(PROBLEM)
Please output exactly the lines below, starting at the line that has "Echeveria Primadonna Variegata" and ending at the line that has "Mammillaria Flower seeds", both included; leave out all pictures and include nothing else.

Dataset records:

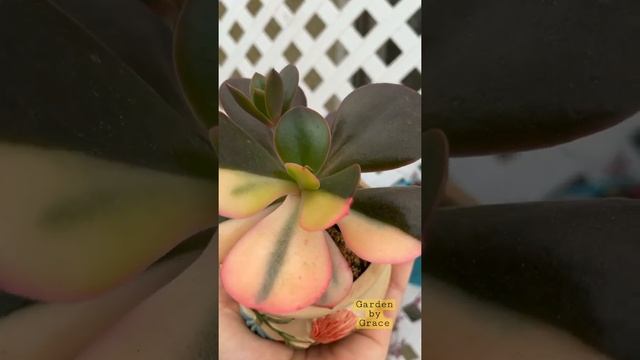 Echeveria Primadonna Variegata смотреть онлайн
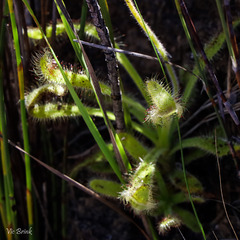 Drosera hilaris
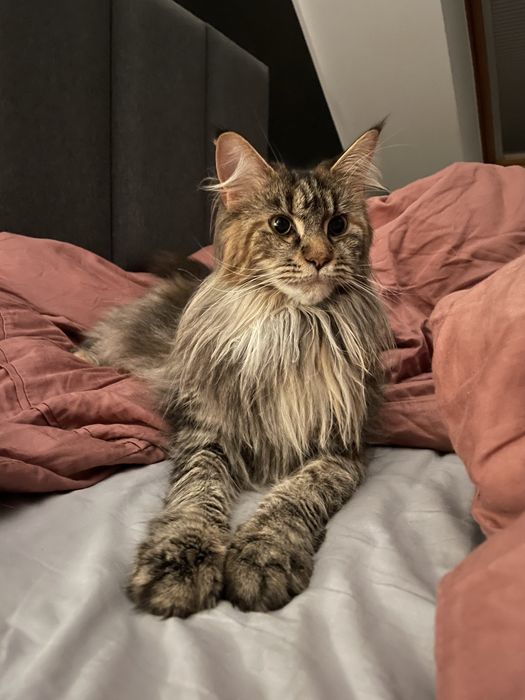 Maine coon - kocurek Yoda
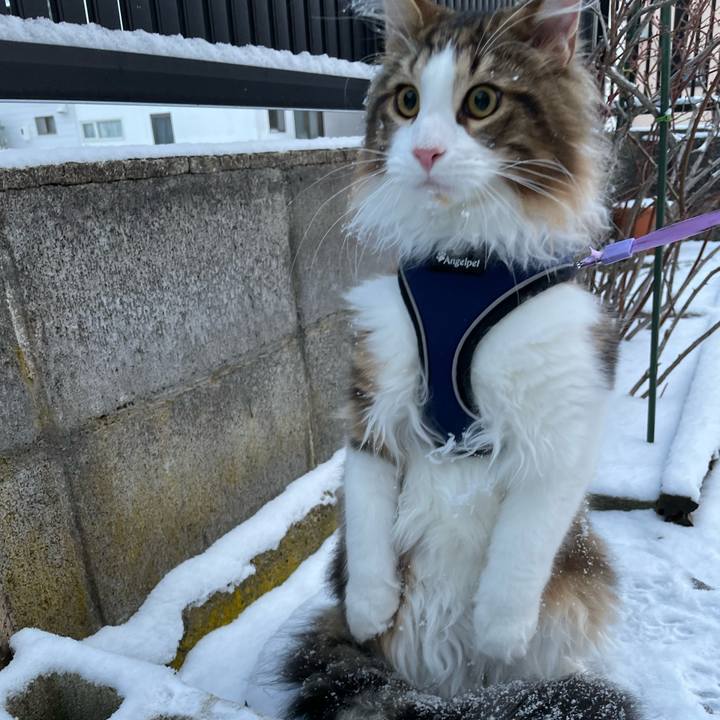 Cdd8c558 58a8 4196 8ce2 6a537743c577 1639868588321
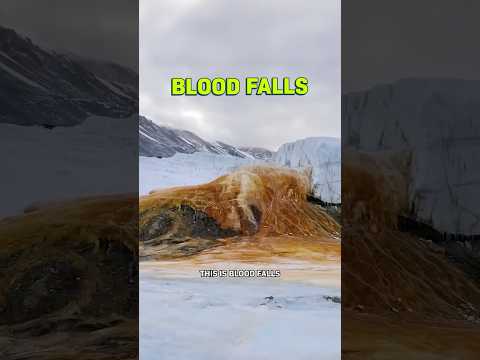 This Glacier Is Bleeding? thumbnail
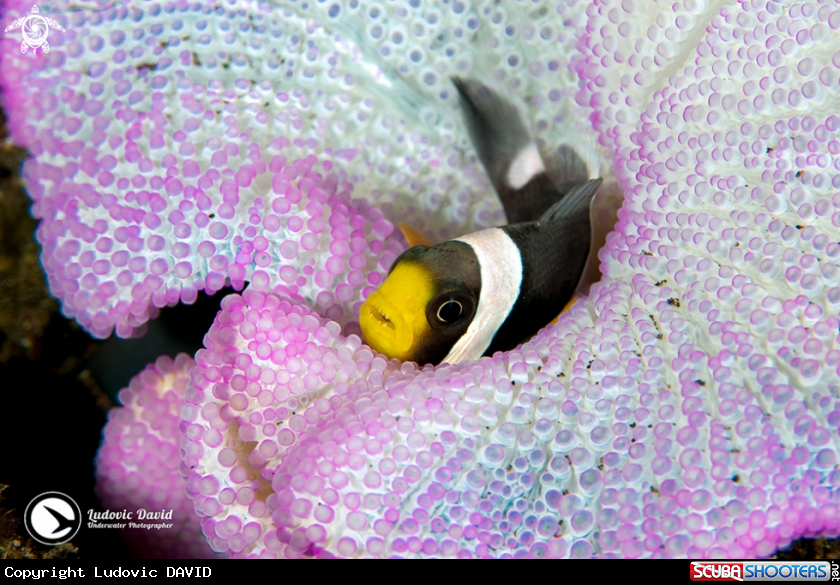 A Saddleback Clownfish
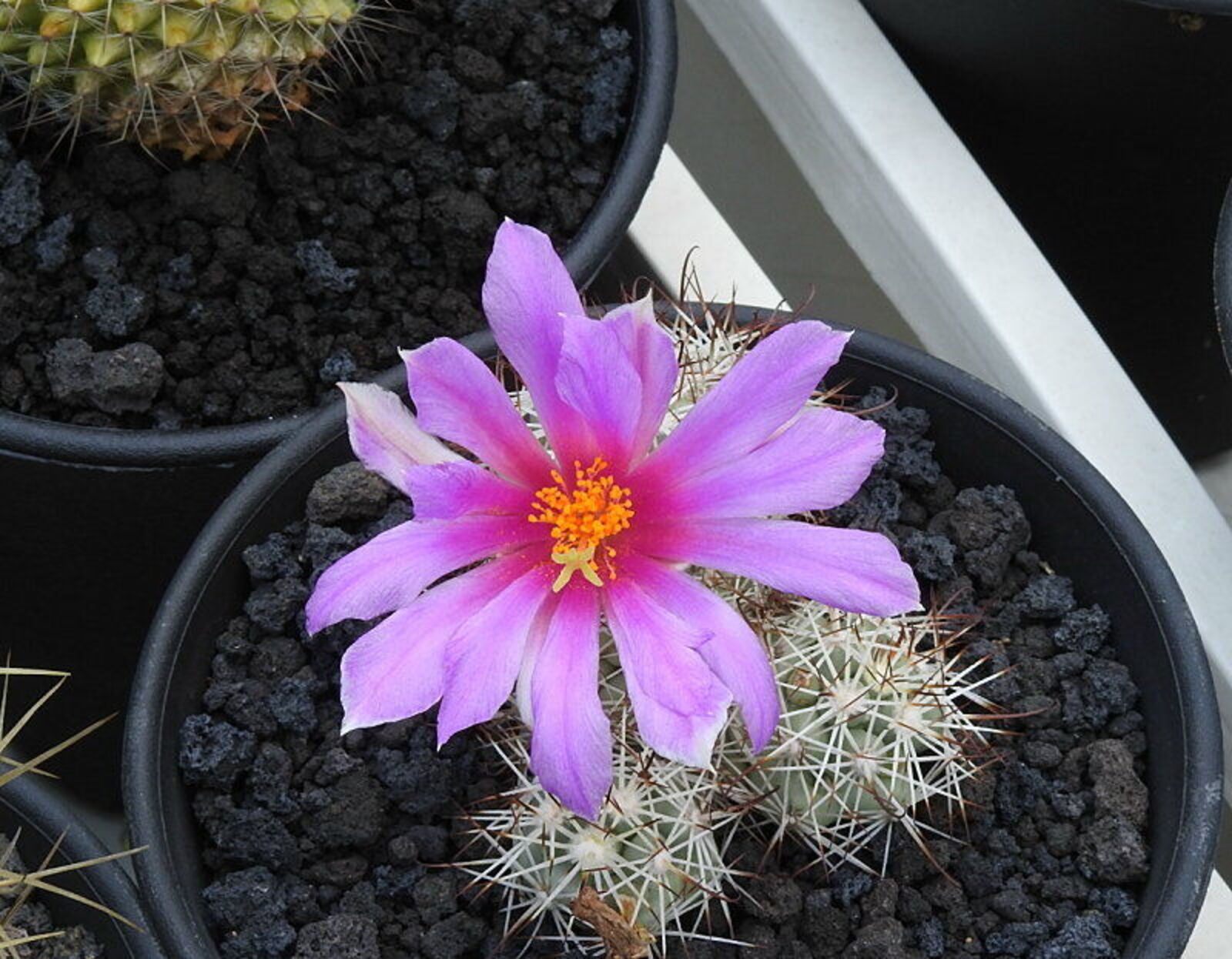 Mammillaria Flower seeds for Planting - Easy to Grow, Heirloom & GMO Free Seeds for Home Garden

* * *

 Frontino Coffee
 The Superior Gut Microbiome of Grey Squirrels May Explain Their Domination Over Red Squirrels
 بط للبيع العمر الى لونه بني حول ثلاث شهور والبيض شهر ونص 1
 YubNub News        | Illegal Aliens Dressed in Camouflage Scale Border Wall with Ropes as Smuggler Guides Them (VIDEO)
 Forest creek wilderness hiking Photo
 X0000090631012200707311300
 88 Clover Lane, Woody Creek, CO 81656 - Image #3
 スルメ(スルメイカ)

--

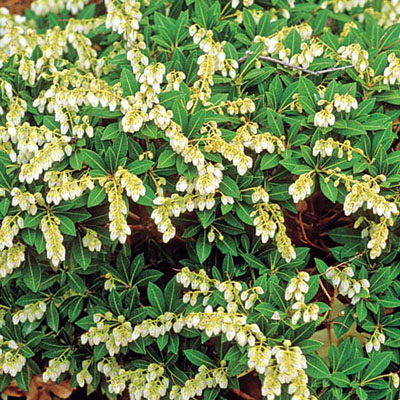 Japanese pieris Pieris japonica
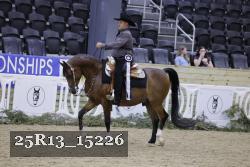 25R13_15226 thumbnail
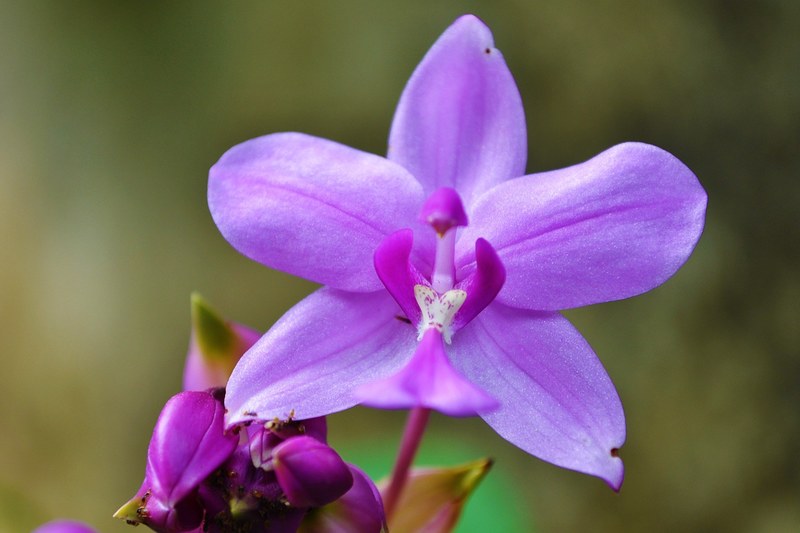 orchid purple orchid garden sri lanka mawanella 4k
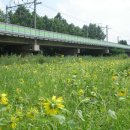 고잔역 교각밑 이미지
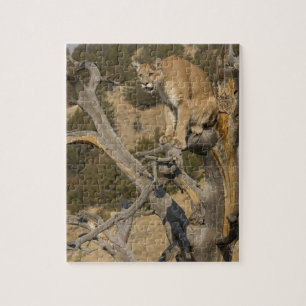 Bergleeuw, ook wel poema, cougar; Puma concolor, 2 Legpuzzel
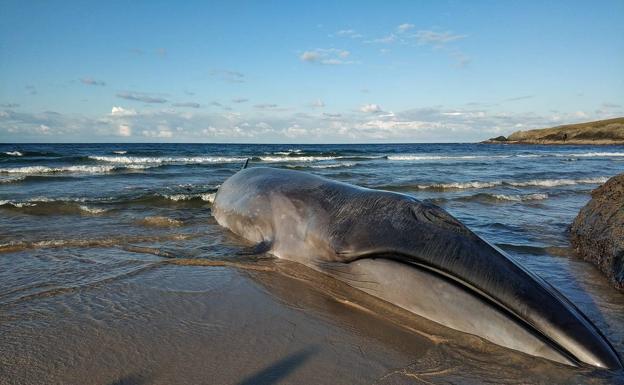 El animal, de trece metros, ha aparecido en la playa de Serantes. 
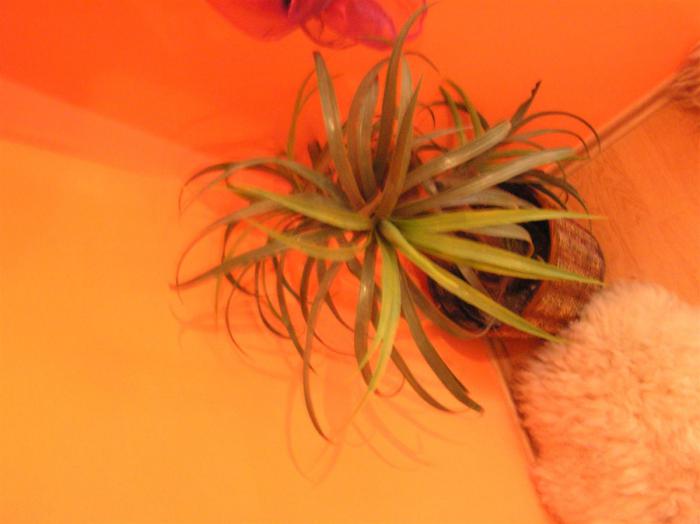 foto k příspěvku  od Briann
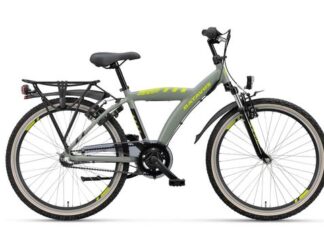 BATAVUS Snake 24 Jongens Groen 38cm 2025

(SOLUTION TO THE PROBLEM)
 Echeveria Primadonna Variegata смотреть онлайн
 Drosera hilaris
 Maine coon - kocurek Yoda
 Cdd8c558 58a8 4196 8ce2 6a537743c577 1639868588321
 This Glacier Is Bleeding? thumbnail
 A Saddleback Clownfish
 Mammillaria Flower seeds for Planting - Easy to Grow, Heirloom & GMO Free Seeds for Home Garden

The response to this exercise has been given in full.